» Your goal: Copy the records below, from the line containing "this 640×853 image." through the last line; leave out pictures.

[Given data Boundary: Start]

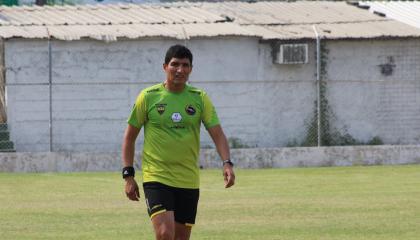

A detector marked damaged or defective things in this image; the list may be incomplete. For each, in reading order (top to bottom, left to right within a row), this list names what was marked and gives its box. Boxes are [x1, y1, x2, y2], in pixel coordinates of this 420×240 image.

rusty metal roof [0, 1, 418, 40]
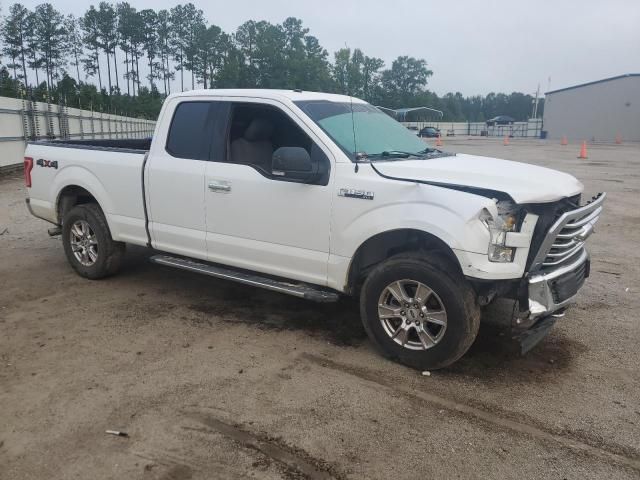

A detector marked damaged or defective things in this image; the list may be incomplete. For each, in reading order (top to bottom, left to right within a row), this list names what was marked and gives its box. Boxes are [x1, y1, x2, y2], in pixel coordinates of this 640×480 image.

crumpled hood [370, 153, 584, 203]
damaged front end [510, 193, 604, 354]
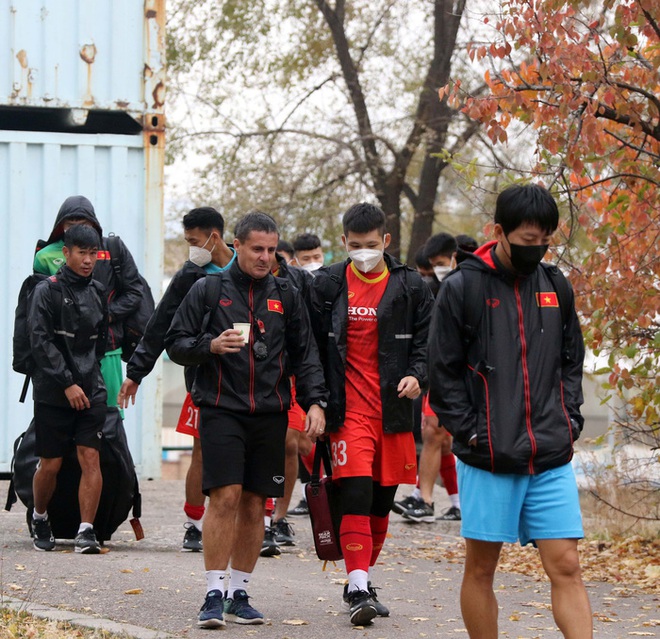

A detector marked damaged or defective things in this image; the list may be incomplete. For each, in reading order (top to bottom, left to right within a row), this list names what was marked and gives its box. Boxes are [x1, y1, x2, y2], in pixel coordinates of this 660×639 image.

rusted metal panel [0, 0, 165, 115]
rusted metal panel [0, 131, 164, 480]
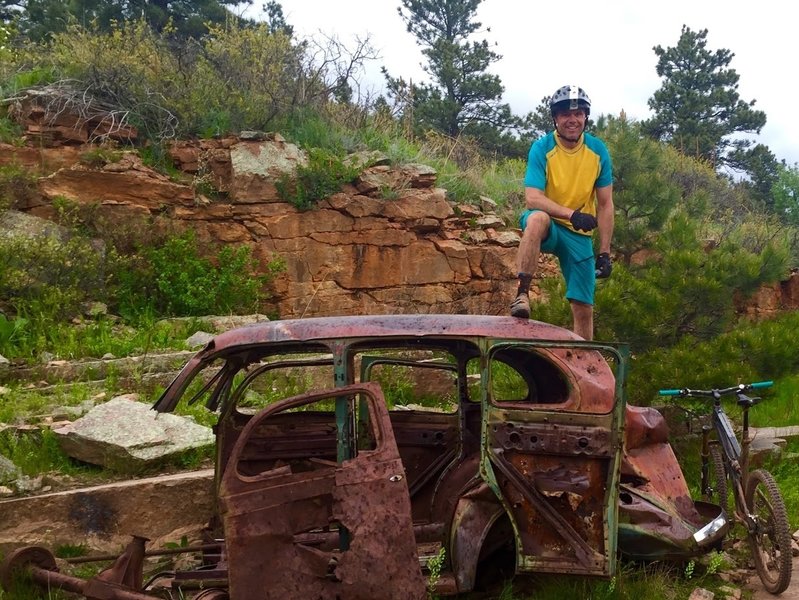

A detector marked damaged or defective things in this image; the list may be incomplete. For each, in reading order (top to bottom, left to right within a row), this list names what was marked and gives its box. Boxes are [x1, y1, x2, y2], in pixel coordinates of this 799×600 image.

detached car door [216, 382, 428, 596]
rusted abandoned car [0, 316, 728, 596]
detached car door [482, 342, 624, 576]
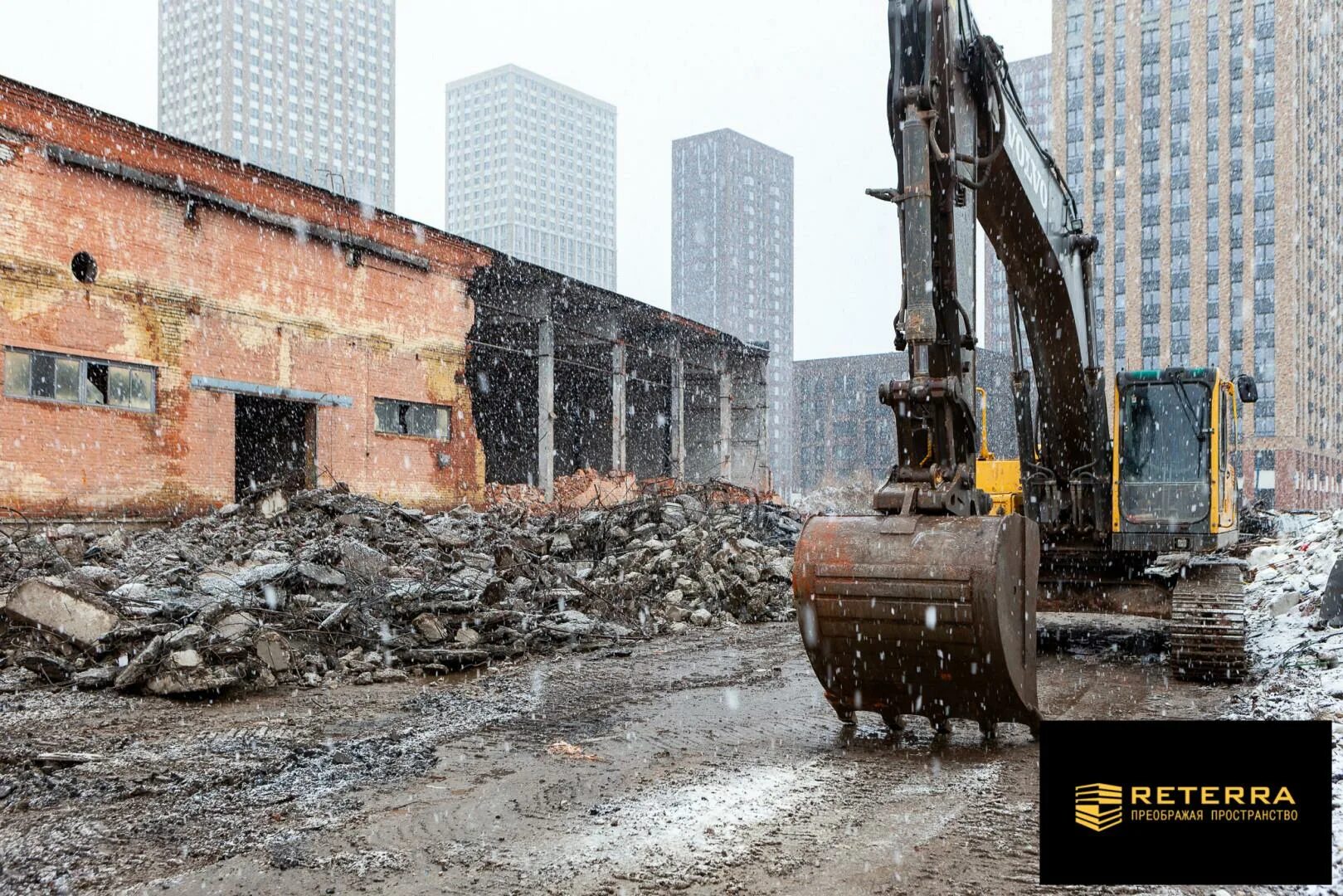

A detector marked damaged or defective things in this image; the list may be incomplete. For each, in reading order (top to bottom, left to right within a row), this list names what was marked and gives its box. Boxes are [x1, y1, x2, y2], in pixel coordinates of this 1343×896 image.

broken concrete slab [1, 577, 120, 647]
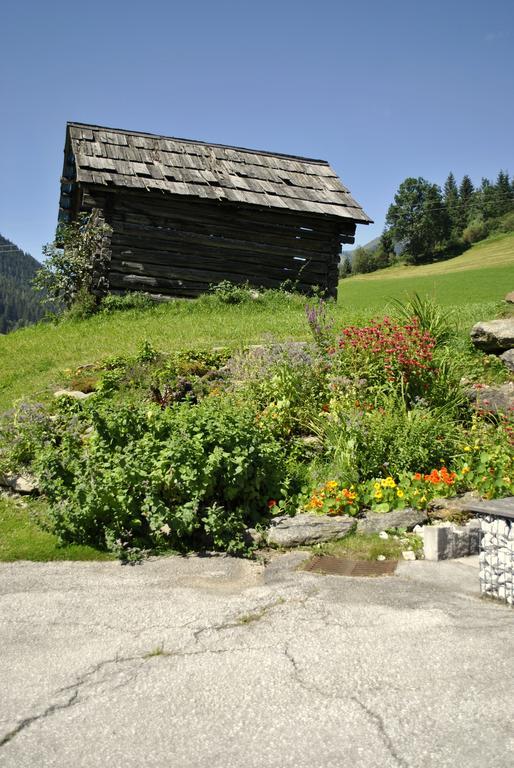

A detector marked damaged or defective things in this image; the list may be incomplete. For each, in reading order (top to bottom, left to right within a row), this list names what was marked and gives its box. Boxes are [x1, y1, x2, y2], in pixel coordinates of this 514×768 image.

cracked asphalt road [1, 552, 512, 768]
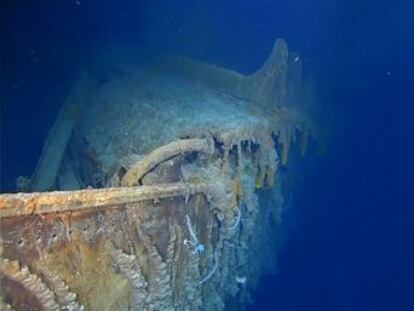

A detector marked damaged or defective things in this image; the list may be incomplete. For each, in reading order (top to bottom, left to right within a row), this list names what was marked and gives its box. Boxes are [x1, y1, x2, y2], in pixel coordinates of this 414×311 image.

corroded ship bow [0, 40, 318, 310]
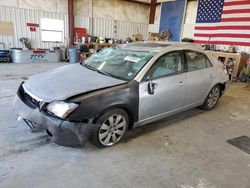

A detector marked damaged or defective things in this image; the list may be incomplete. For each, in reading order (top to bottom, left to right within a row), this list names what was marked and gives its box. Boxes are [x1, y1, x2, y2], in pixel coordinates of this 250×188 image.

crumpled hood [23, 63, 127, 102]
damaged front bumper [12, 95, 96, 147]
damaged headlight [46, 101, 78, 119]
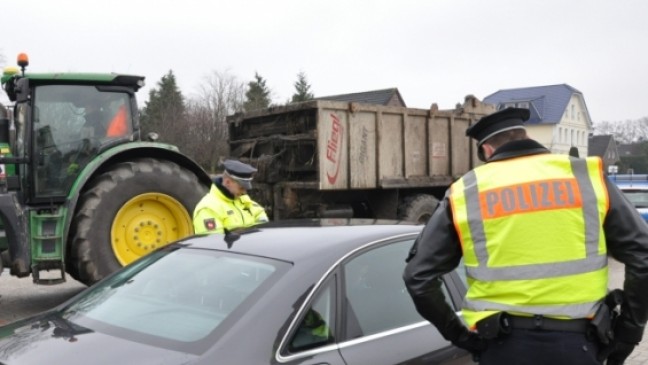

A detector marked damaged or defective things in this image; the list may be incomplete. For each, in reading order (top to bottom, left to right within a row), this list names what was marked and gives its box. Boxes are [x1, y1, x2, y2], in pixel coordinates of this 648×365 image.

rusty trailer body [228, 95, 496, 223]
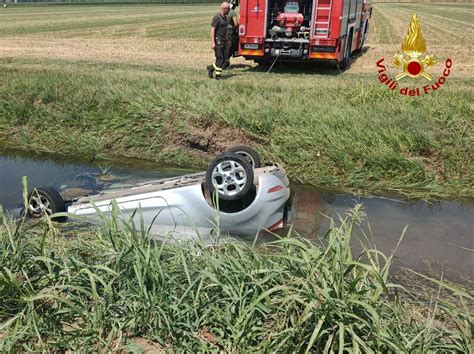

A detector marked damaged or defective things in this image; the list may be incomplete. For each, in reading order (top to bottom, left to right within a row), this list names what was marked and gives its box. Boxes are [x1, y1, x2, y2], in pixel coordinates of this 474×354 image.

overturned car [26, 147, 292, 238]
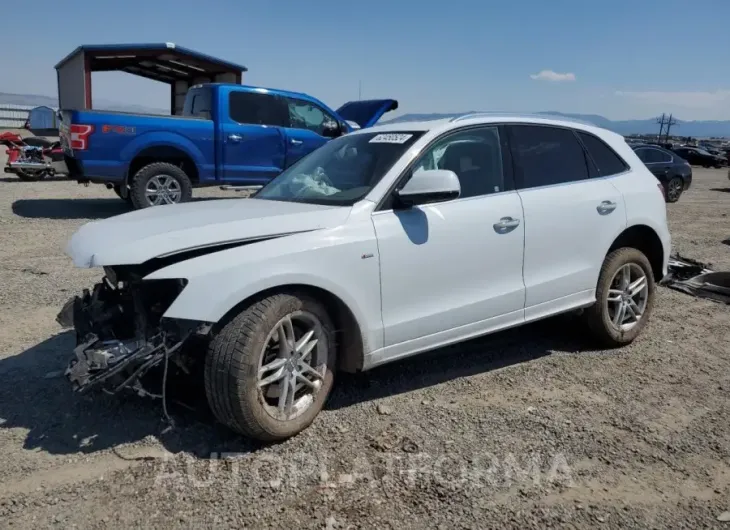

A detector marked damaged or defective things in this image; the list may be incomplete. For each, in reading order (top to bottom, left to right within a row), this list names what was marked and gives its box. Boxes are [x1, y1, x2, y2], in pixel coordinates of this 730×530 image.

crushed front end [55, 268, 205, 396]
damaged white suv [61, 113, 672, 440]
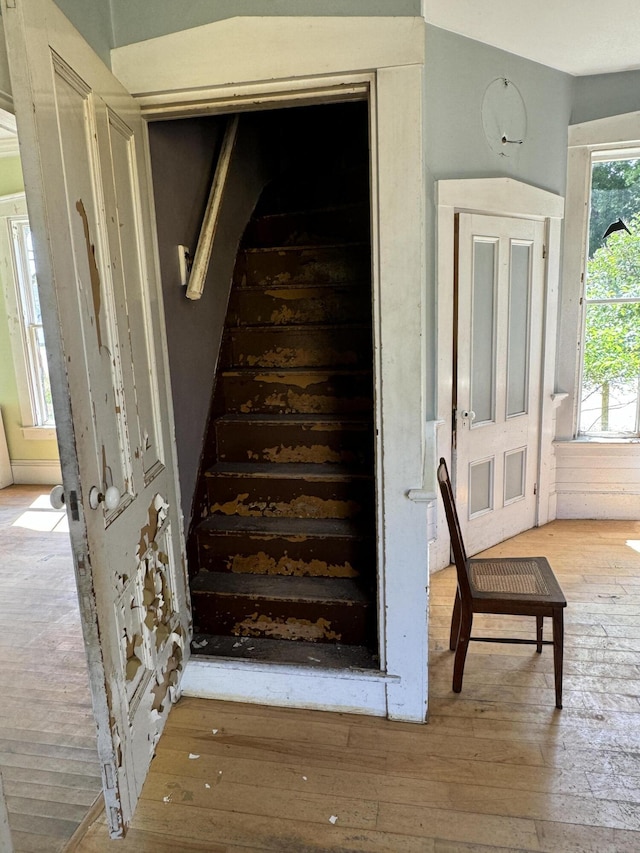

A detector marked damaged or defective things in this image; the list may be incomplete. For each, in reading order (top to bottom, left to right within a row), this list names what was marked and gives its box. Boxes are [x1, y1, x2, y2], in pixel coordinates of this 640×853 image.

broken handrail [188, 113, 242, 300]
peeling paint [231, 612, 340, 640]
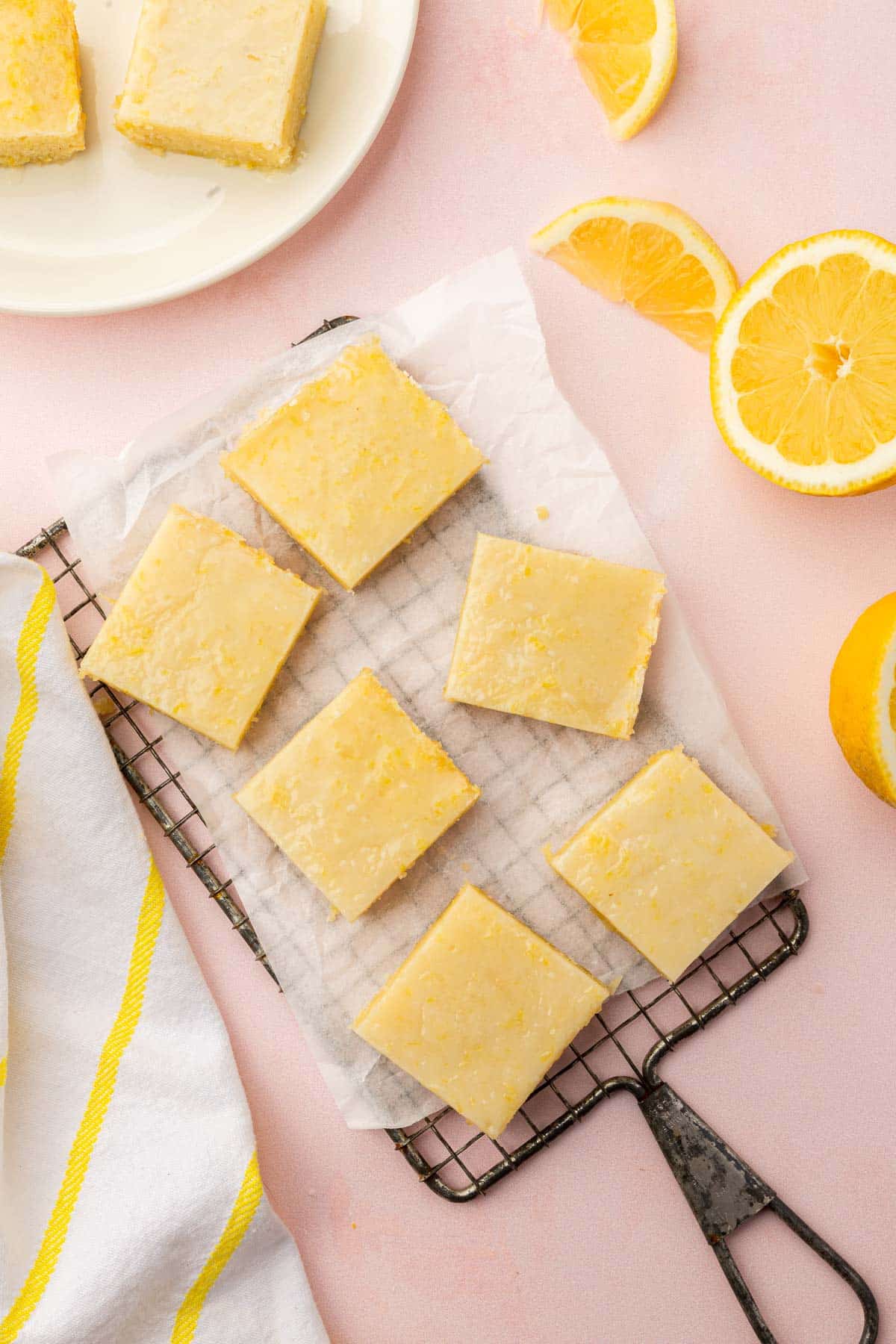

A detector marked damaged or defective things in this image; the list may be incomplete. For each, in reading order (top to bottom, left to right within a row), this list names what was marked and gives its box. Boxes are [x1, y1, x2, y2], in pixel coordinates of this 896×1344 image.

rusted metal handle [641, 1086, 881, 1338]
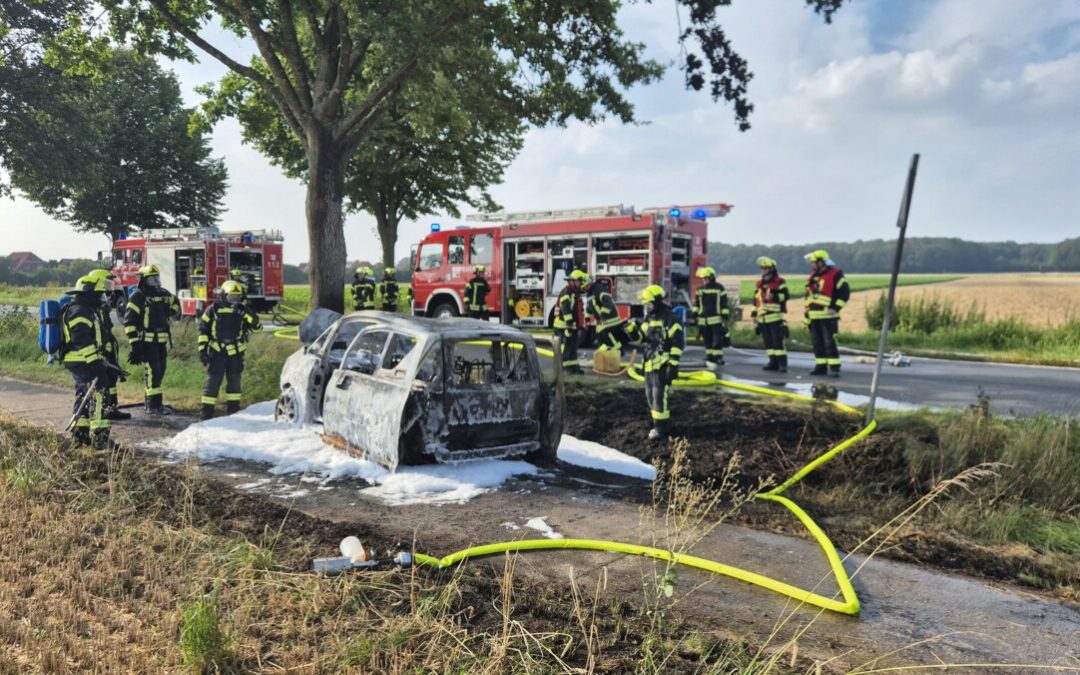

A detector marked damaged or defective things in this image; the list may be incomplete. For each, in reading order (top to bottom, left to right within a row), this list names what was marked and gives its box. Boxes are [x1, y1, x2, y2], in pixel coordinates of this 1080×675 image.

burnt car door [319, 326, 421, 468]
burned out car [274, 311, 565, 468]
charred car body [276, 311, 565, 468]
car's burned roof [341, 311, 531, 341]
burnt car door [436, 334, 544, 460]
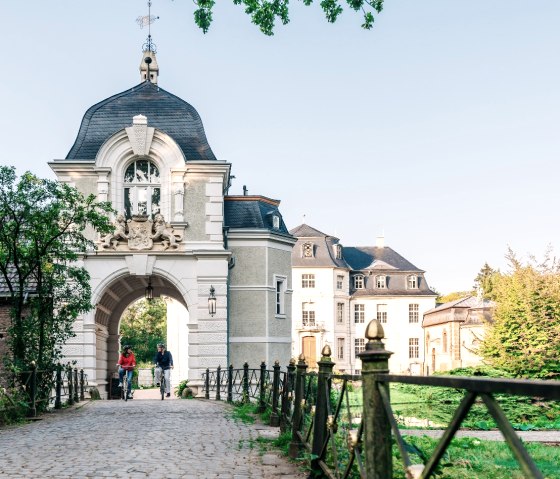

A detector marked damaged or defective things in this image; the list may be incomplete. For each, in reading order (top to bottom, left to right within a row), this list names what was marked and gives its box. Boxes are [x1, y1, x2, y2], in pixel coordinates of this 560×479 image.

rusty metal fence rail [201, 320, 560, 478]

[Given data Boundary: End]

» Answer section:
A detector marked damaged or defective things in this image; the list may be incomplete. For each, in reading order (top to bottom, left to right within a row), this list names what was marked and gives its box. Boxes are [x1, y1, x2, y2], in pixel coordinates of this 640×853 image.

broken handrail [188, 113, 242, 300]
peeling paint [231, 612, 340, 640]

A detector marked damaged or defective things in this image; the list may be incomplete. For each, in reading order (top to bottom, left to right within a row), this list names what was marked and gives its box. Boxes are [x1, y1, x2, y2], in pixel coordinates of this 896×1344 image.

rusted metal handle [641, 1086, 881, 1338]

A detector marked damaged or defective things in this image; the list may be incomplete. For each, in reading order (top to bottom, left to right within a row), this list names what was marked and gives its box. Boxes are [x1, y1, x2, y2], in pixel coordinates of this 1080×675 image.

burnt car door [319, 326, 421, 468]
burned out car [274, 311, 565, 468]
charred car body [276, 311, 565, 468]
car's burned roof [341, 311, 531, 341]
burnt car door [436, 334, 544, 460]

A detector marked damaged or defective things in this image; the list may be incomplete. For each, in reading order (top to bottom, left to right within a row), this list names what was marked and gives its box. Boxes are [x1, y1, x2, y2], in pixel coordinates of this 560×479 image.

rusty metal fence rail [201, 320, 560, 478]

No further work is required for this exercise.